RIO - Um dos alvos preferidos do presidente Jair Bolsonaro, o governador do Rio, Wilson Witzel, disse ao Estado que as acusações feitas pelo ex-ministro Sérgio Moro sobre o mandatário são graves e podem configurar crimes como advocacia administrativa e abuso de autoridade. Num cenário em que o presidente já dava sinais de cometer crime de responsabilidade, com a convocação para atos contrários às instituições, o tema impeachment se tornou inevitável, afirma o governador.
Witzel criticou a tentativa do presidente de controlar a Polícia Federal e de personalizar a instituição, como no caso em que assumiu ter pedido a um delegado apurações sobre um de seus filhos, Jair Renan. Isso gera, segundo ele, um desequilíbrio institucional.
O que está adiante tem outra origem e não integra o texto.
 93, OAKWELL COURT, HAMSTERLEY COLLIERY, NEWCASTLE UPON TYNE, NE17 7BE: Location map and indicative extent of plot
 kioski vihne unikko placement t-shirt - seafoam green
"Ele, por exemplo, me tem como desafeto. Eu não me sinto seguro ao saber que o presidente pode fazer interferência na PF", aponta, indicando que a polícia poderia ser usada como arma política pelo presidente. "Gera um desequilíbrio institucional. E evidentemente vai gerar mais pedidos de impeachment."
Sobre a possibilidade de impeachment, apesar de reconhecer que a discussão é inevitável neste momento, Witzel diz que, como ex-juiz, tem dificuldade de comentar um processo judicial.
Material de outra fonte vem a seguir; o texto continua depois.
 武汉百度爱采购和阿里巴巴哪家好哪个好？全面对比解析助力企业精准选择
"Já virou um tema inevitável. Cabe agora ao Supremo decidir a questão. Talvez por vício judicial, não costumo me manifestar quando tem um processo em curso", divaga. Ele comenta, no entanto, que o impeachment tem caráter político e que cabe ao presidente da Câmara, Rodrigo Maia, avaliar o que for apresentado.
As acusações de interferência na PF, lembra o governador, vêm num contexto em que o presidente vinha "atrapalhando" no combate à pandemia do coronavírus e atacando governadores e prefeitos. Para ele, a convocação e participação de Bolsonaro nos atos contrários ao isolamento social e favoráveis a rupturas institucionais já poderiam configurar crime de responsabilidade e até crime contra a humanidade.
Desafeto do presidente desde o ano passado, Witzel vive há pelo menos sete meses uma relação de ataques vindos do Planalto, com quem não tem mais diálogo. A relação entre os dois azedou quando o governador manifestou interesse em concorrer à Presidência em 2022, mas piorou de vez quando Bolsonaro o acusou de interferir nas investigações da morte de Marielle Franco para incriminá-lo.
Agora, com Moro citando indícios de interferência do próprio presidente na PF, Witzel acha que Bolsonaro se olhava no espelho quando o acusava de influenciar o trabalho da Polícia Civil do Rio. "Ao que parece, ele me mediu pela régua dele. Mas eu jamais participaria de qualquer ato de interferência para prejudicar quem quer que seja. Um ponto de contato entre o que o Moro fala e eu defendo é a independência das estruturas de investigação."
Mais cedo, após o pronunciamento de demissão de Moro, Witzel postou no Twitter que as portas do Palácio Guanabara estavam abertas para o ex-ministro, que teria carta branca para atuar com independência. Questionado se a mensagem era algo mais genérico ou se pretendia de fato convidá-lo para o governo fluminense, ele afirmou que pretende criar uma secretaria de Justiça no Estado para fazer uma integração das polícias com o Ministério Público e o Judiciário. Falta, contudo, conseguir o telefone do ex-colega de magistratura.
Assisto com tristeza ao pedido de demissão do meu ex-colega, o Juiz Federal Sergio Moro, cujos princípios adotamos em nossa vida profissional com uma missão: o combate ao crime. Ficaria honrado com sua presença em meu governo porque aqui, vossa excelência, tem carta branca sempre
— Wilson Witzel (@wilsonwitzel) April 24, 2020
"Não tenho o telefone dele, mas vou procurar. Vou fazer o convite. Moro tem muita experiência no trabalho de polícia judiciária. Quero criar uma secretaria que possa fazer essa integração. Ele teria muito a acrescer aqui até para avançar no combate à lavagem de dinheiro e ao tráfico de armas e drogas", diz.
Witzel está na fase final de recuperação da covid-19 - ele anunciou na semana passada que havia sido infectado pelo coronavírus. Sua esposa, Helena, confirmou nesta quinta-feira que também foi contaminada. Ambos estão em isolamento na residência oficial do governo, na zona sul do Rio.